● Record extracts:
• • • • •

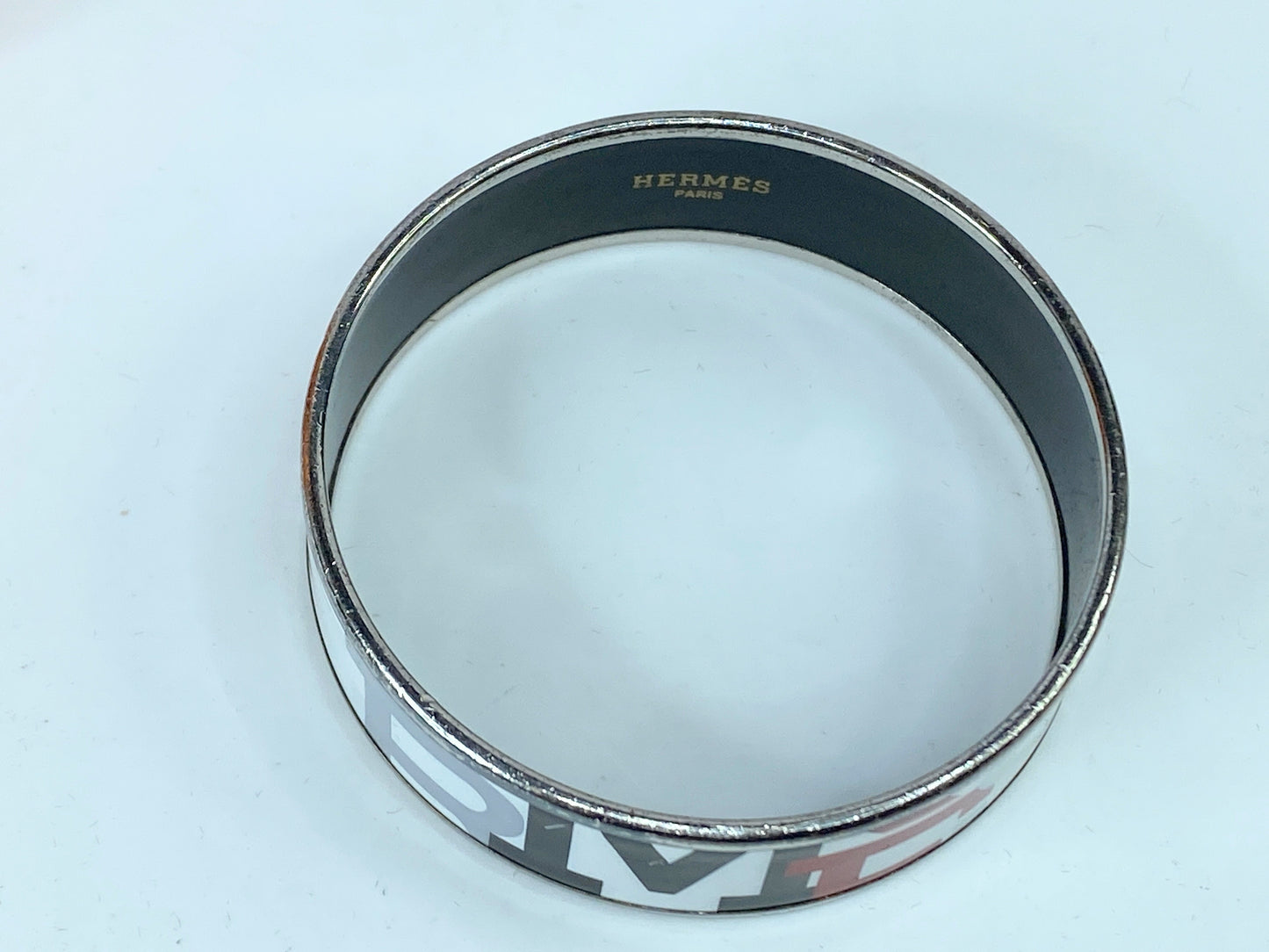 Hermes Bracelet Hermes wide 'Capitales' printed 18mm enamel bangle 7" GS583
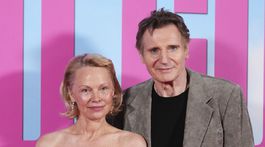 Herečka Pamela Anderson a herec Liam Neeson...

• • • • •

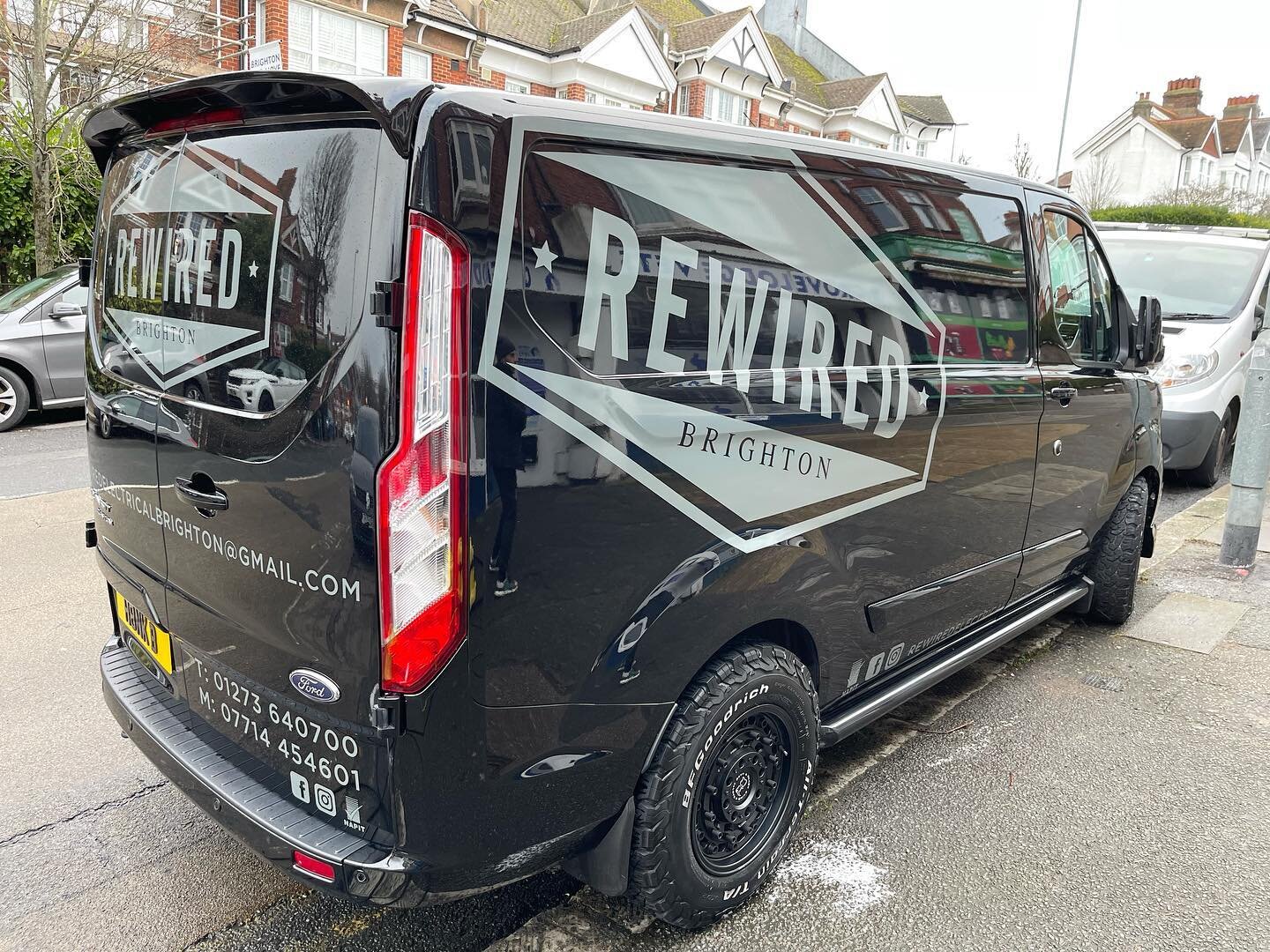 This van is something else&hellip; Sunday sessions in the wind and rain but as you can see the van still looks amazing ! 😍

• • • • •

● Your task:
Beginning with the line holding "Hermes Bracelet Hermes" in the material above, restate word for word each line through the line holding "Herečka Pamela Anderson", and exclude pictures.

● Answer box:
 Hermes Bracelet Hermes wide 'Capitales' printed 18mm enamel bangle 7" GS583
 Herečka Pamela Anderson a herec Liam Neeson...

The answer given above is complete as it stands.